THE RECORDS:

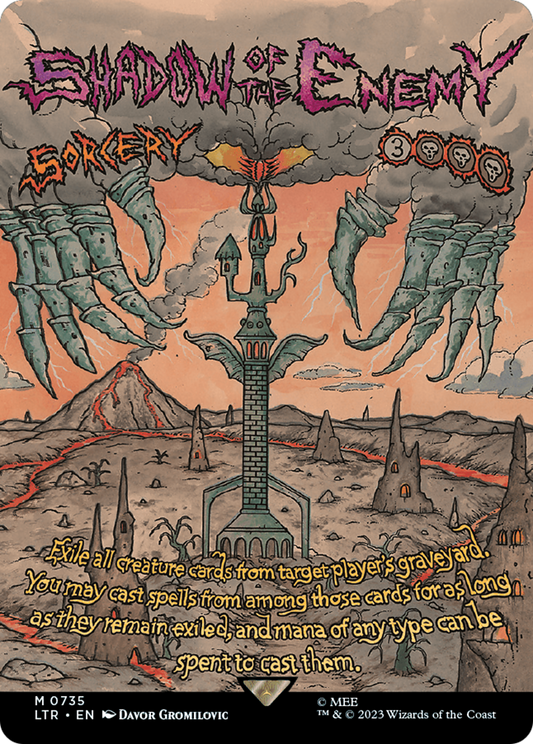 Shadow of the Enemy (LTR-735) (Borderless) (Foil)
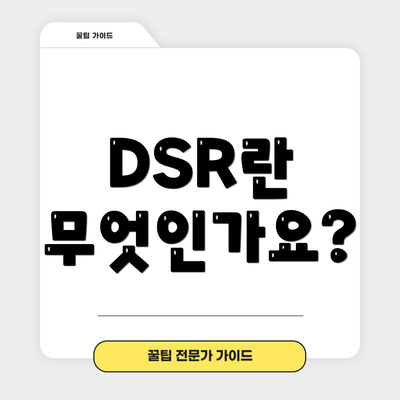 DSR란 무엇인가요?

--

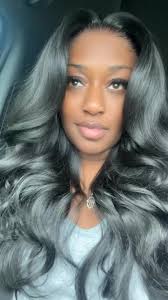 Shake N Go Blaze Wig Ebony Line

WHAT THE EXERCISE ASKS: The material above holds pictures; leave them out. Repeat exactly the lines from the one containing "Shadow of the" through the one containing "DSR란 무엇인가요?", and nothing else.

SOLUTION FOR THIS PROBLEM:
 Shadow of the Enemy (LTR-735) (Borderless) (Foil)
 DSR란 무엇인가요?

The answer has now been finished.